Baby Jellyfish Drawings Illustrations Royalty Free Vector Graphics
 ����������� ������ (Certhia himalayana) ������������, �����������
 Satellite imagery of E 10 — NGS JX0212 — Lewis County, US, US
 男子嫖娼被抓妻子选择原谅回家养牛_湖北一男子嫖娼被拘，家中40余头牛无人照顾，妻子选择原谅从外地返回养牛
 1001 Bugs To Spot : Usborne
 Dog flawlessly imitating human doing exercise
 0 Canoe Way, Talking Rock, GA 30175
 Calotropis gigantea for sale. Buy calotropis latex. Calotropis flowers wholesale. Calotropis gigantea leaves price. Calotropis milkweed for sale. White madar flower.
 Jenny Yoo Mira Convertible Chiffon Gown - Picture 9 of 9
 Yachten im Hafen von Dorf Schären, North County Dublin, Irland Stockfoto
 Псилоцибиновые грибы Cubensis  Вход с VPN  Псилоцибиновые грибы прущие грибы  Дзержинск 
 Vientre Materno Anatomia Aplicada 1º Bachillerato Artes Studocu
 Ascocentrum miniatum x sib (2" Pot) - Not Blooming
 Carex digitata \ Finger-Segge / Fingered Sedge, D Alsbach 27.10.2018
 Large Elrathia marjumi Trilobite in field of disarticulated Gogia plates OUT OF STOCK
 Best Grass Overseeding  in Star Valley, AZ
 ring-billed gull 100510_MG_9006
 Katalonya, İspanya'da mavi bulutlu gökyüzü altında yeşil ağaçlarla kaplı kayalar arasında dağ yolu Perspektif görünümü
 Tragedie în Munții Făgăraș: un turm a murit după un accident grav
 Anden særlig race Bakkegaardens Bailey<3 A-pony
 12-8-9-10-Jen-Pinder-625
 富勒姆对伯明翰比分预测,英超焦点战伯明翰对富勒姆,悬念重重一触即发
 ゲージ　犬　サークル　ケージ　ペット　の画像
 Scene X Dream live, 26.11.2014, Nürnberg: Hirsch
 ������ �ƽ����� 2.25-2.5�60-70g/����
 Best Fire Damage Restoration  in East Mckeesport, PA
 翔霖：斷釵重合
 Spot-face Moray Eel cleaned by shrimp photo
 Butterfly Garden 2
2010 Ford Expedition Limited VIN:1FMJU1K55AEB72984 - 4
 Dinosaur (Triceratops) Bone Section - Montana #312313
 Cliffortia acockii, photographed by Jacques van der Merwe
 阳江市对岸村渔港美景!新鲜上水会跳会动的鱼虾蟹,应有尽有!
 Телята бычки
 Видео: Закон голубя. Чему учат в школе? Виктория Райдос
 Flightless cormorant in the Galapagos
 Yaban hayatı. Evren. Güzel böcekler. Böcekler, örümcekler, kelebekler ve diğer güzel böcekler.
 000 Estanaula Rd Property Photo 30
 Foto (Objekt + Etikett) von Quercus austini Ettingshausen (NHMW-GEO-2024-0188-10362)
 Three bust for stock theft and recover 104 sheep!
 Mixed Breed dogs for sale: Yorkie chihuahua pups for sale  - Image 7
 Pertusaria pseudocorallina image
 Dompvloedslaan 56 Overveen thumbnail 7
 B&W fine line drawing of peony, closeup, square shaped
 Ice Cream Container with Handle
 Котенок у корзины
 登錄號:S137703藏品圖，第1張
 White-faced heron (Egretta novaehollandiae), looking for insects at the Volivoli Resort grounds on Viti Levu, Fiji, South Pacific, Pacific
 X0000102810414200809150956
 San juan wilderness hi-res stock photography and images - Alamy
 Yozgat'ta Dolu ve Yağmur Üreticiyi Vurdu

Task description:
Which lines above hold the string "Best"? Please copy all of them.

Result of this task:
 Best Grass Overseeding  in Star Valley, AZ
 Best Fire Damage Restoration  in East Mckeesport, PA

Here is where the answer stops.